Così come andrà aperta una riflessione, a livello parlamentare, sull’uso smodato dei dpcm: strumento che consente di saltare a piè pari il Parlamento.
In questo caso è necessario sia fissato preventivamente un dibattito in entrambe le aule dei due rami del parlamento perché la prosecuzione dello stato d’emergenza sia sottoposta anche ad un voto dopo che senatori e deputati avranno ascoltato le motivazioni per le quali il Governo intende adottare il provvedimento. Inoltre, in una circostanza eccezionale come questa, dovrebbe toccare al Parlamento, tramite la votazione su di un documento di indirizzo, fissare modalità e termini entro i quali potrà essere emanati decreti in materia di emergenza sanitaria.
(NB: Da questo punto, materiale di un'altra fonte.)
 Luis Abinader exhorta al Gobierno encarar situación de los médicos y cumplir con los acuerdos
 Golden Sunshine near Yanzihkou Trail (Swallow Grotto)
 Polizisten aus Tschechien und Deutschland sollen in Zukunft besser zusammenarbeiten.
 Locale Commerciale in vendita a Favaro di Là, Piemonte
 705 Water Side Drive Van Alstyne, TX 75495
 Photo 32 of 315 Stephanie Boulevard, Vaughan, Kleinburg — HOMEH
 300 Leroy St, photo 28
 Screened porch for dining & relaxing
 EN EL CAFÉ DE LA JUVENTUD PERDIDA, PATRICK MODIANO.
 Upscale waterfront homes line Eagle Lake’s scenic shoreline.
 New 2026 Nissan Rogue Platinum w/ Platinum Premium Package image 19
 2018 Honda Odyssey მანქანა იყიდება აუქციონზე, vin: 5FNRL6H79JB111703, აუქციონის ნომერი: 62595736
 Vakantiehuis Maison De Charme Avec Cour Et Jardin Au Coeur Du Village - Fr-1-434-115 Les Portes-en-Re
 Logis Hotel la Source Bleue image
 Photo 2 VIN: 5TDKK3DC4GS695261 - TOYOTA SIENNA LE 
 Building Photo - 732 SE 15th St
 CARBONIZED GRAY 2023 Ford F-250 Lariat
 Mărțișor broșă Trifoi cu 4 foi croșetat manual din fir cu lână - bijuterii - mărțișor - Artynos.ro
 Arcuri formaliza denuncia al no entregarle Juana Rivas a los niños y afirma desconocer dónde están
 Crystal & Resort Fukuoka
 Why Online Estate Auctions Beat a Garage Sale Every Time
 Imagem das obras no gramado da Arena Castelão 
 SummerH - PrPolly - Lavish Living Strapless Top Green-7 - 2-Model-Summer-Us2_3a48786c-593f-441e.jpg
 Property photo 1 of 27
Occorre un’iniziativa di deciso contrasto all’eventualità di mera prosecuzione dell’iniziativa di straordinarietà nella funzione di governo così come questa era stata realizzata nei mesi da febbraio ad aprile 2020.
È necessaria una forte mobilitazione in difesa della democrazia costituzionale repubblicana, mai così in pericolo come in questo momento nei suoi cardini fondamentali. Il Coordinamento per la democrazia costituzionale è chiamato a rivolgere un appello ai parlamentari sensibili a questi temi perché si sviluppino iniziative conseguenti in sede di Camera, Senato, istituzioni locali, mezzi di comunicazione di massa, mobilitazione sociale.